◆ DIRECTIONS FOR THIS TASK ◆
Your answer must be only the lines below from the one containing "2006 Volkswagen Passat 4DR SDN LE V6 AT" through the one containing "Piso en venta", copied exactly, with the pictures left out.

◆ RECORD SET ◆

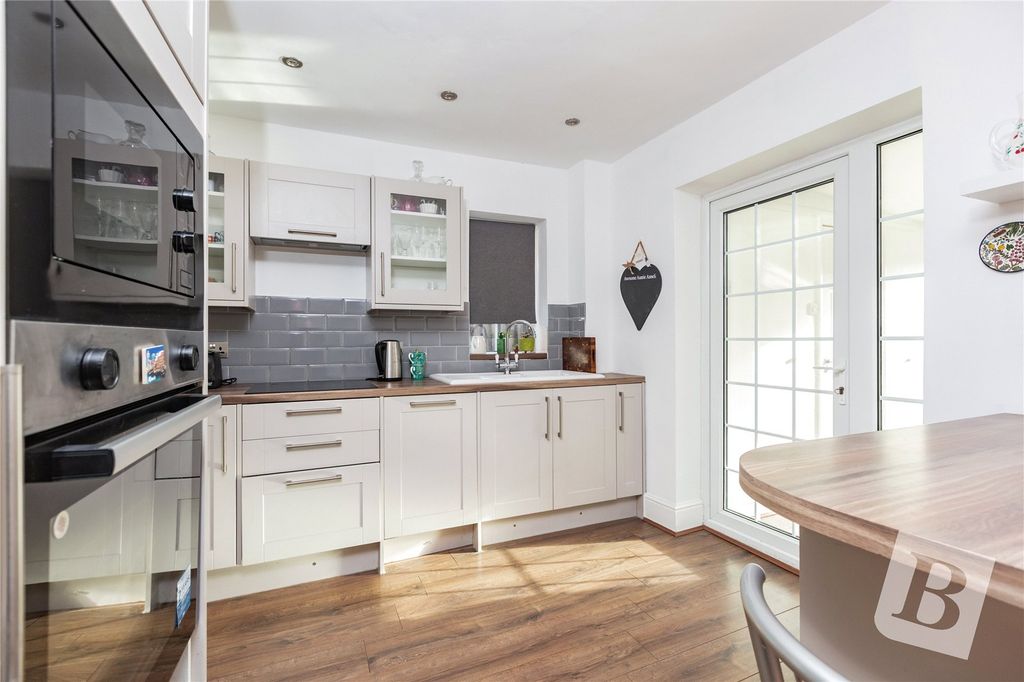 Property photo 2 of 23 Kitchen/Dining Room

--

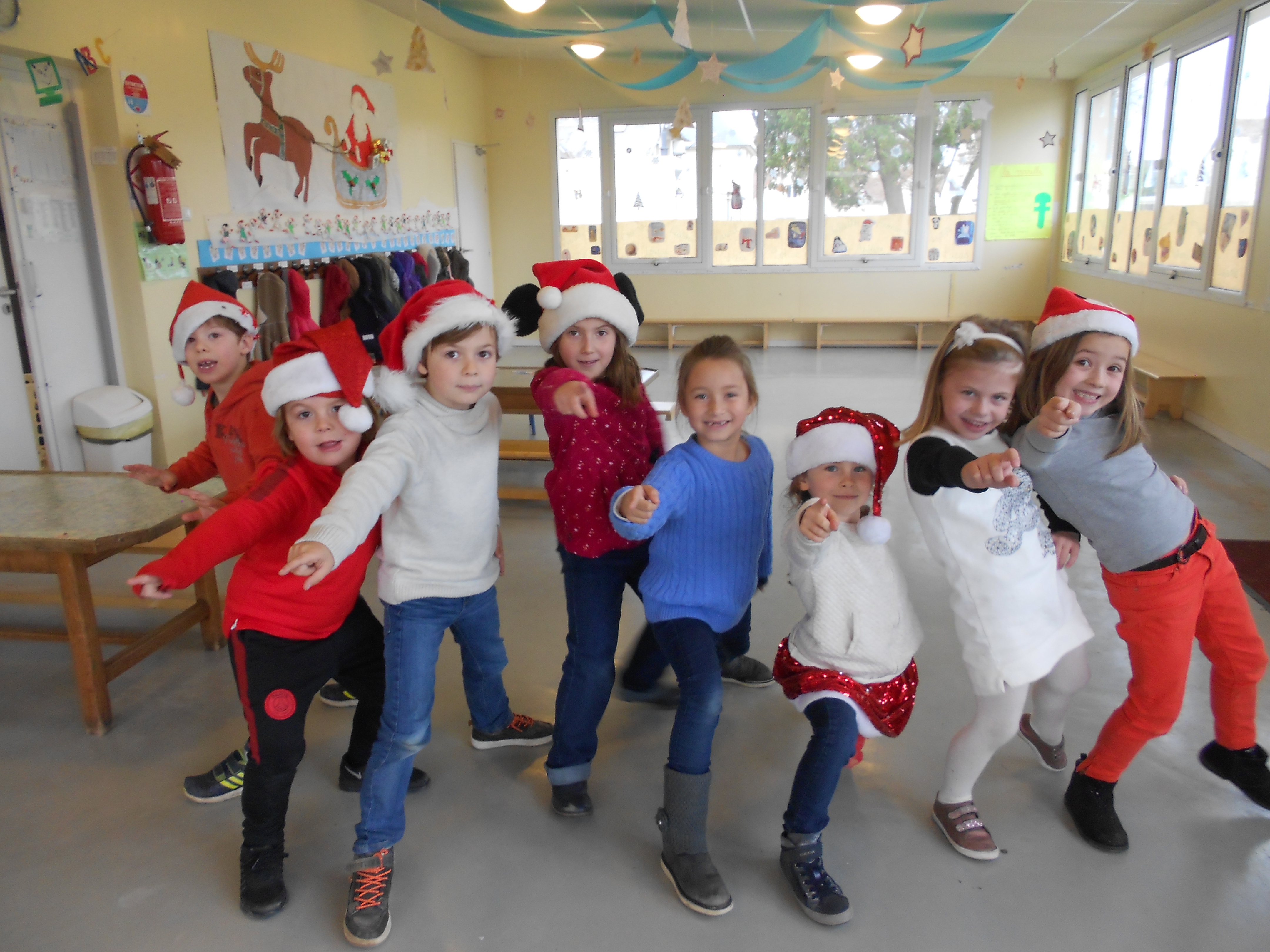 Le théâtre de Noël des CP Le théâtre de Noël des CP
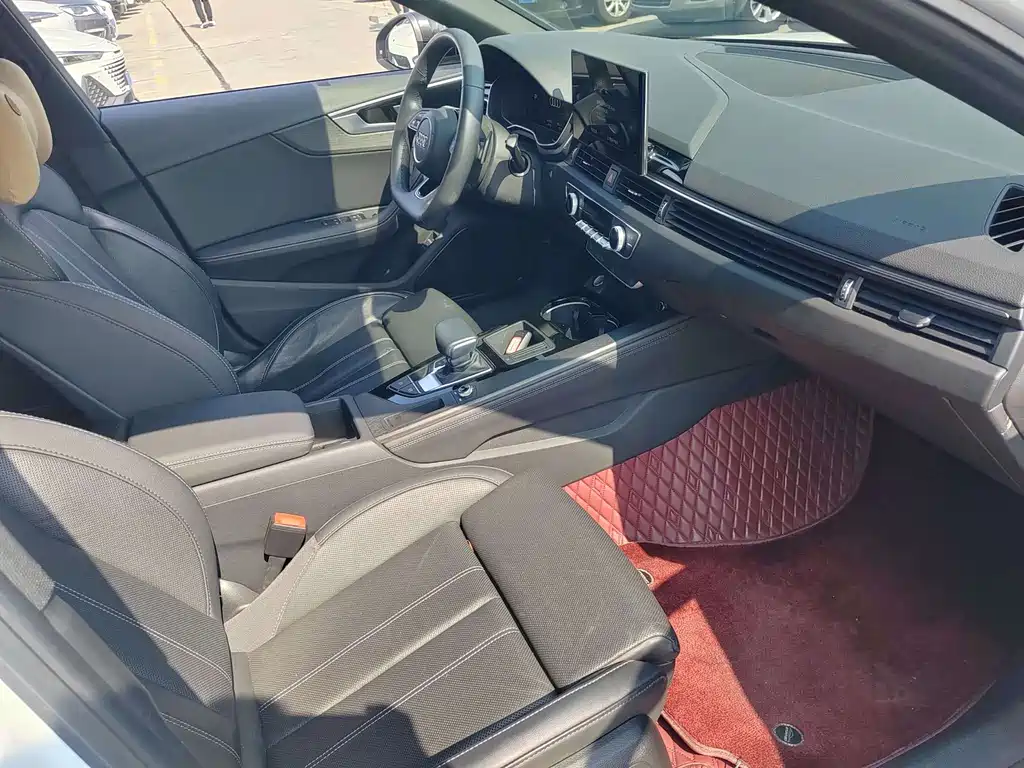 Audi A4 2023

* * *

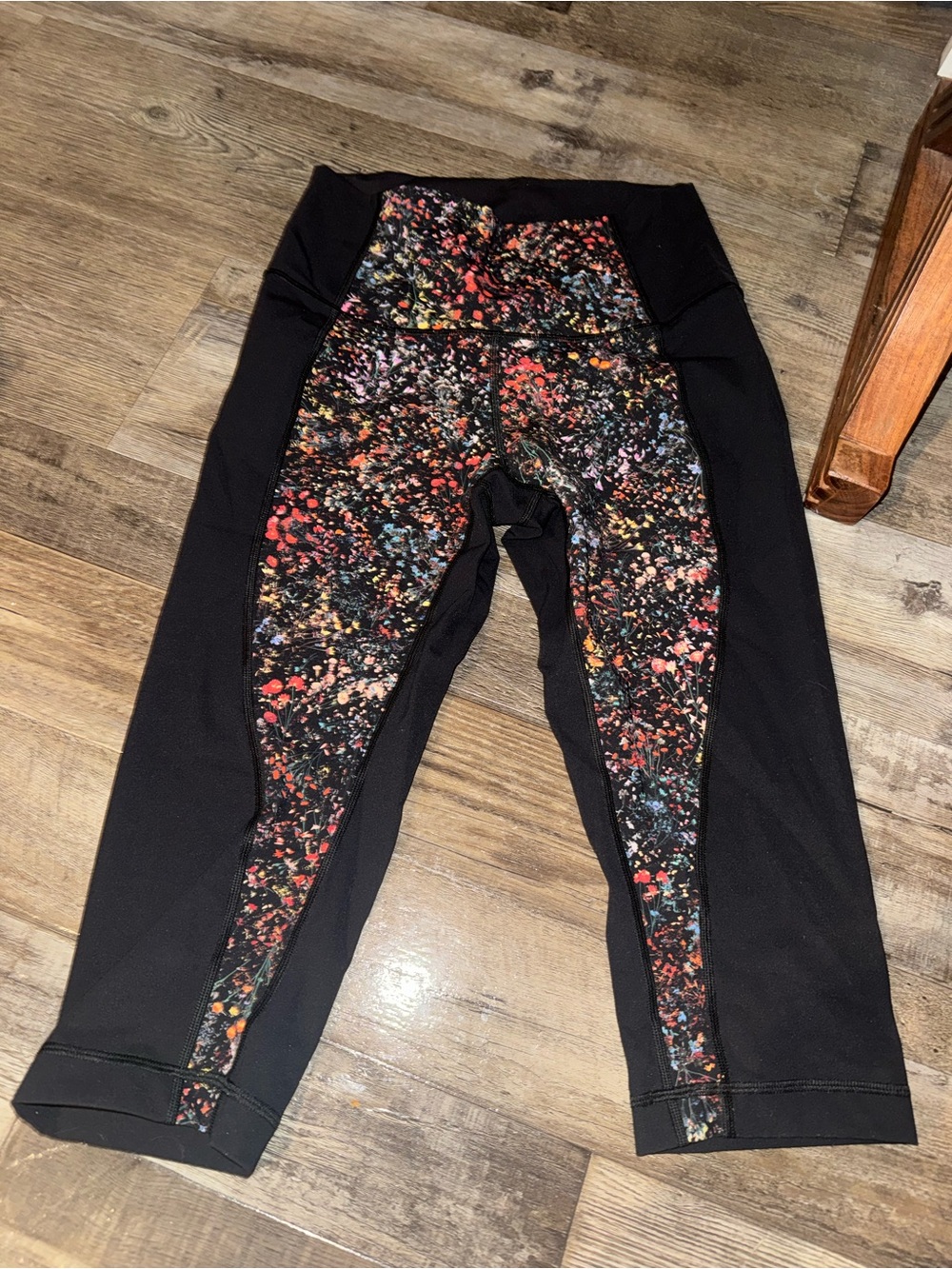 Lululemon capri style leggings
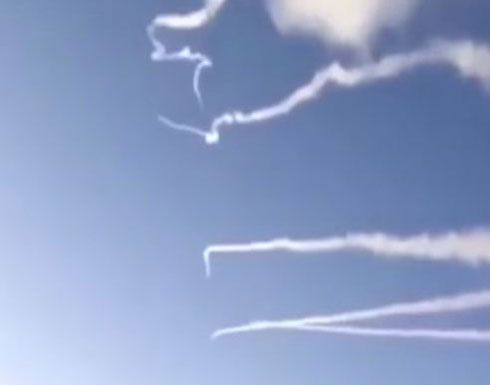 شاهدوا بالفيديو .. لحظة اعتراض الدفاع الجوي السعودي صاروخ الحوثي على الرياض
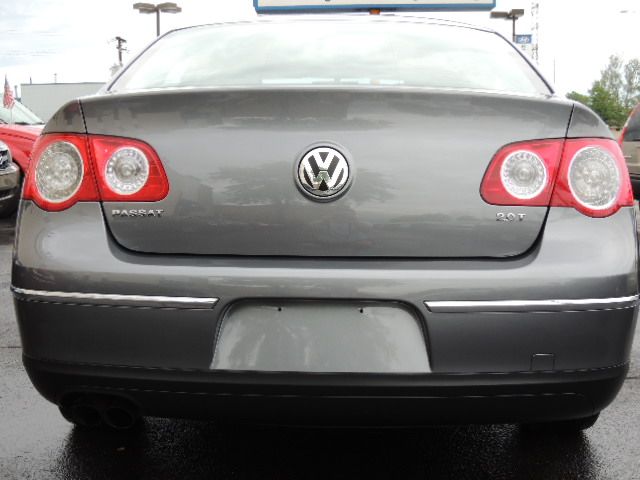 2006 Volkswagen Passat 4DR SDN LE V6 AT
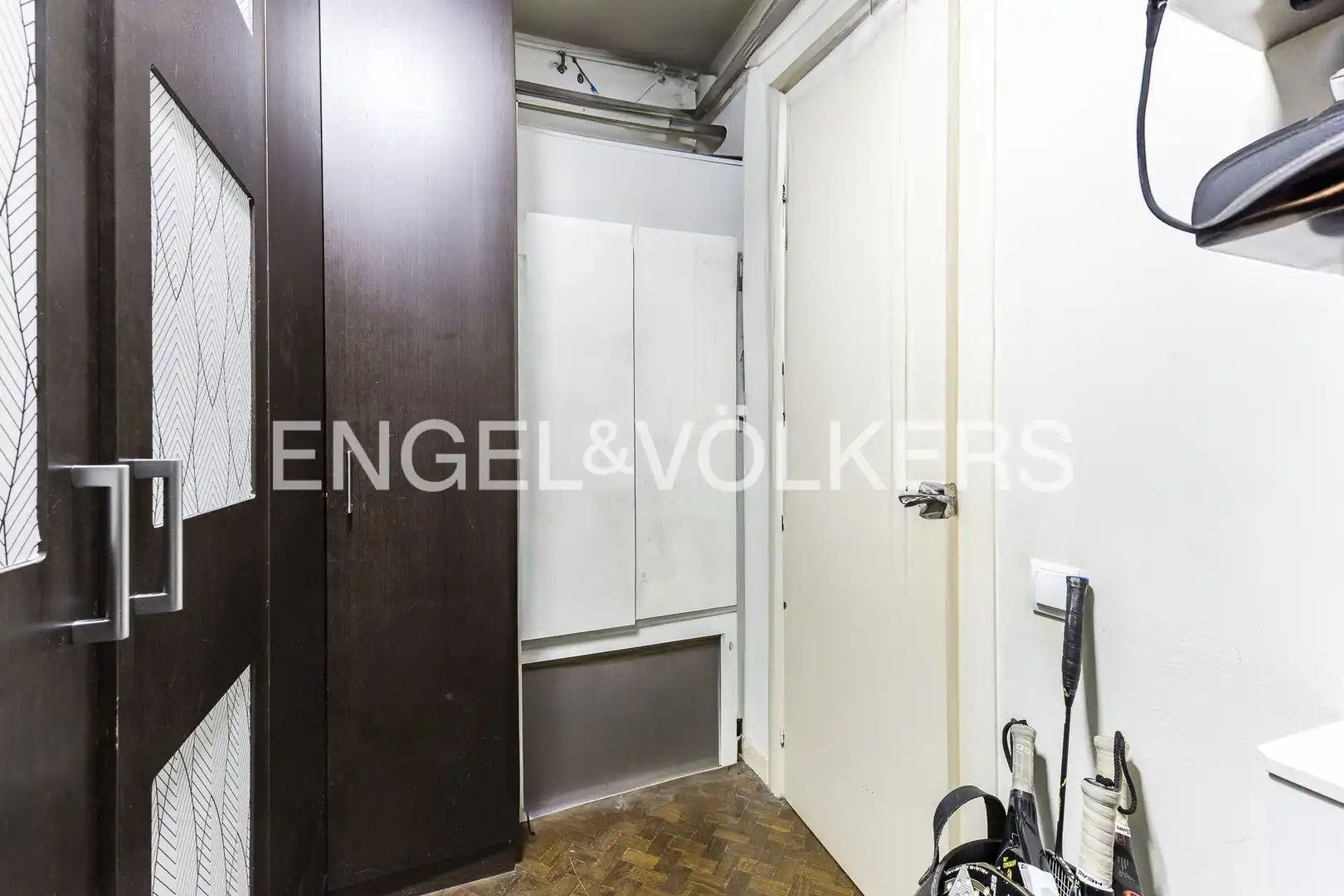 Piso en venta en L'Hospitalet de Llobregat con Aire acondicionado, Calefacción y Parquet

◆ ANSWER SPACE ◆
 2006 Volkswagen Passat 4DR SDN LE V6 AT
 Piso en venta en L'Hospitalet de Llobregat con Aire acondicionado, Calefacción y Parquet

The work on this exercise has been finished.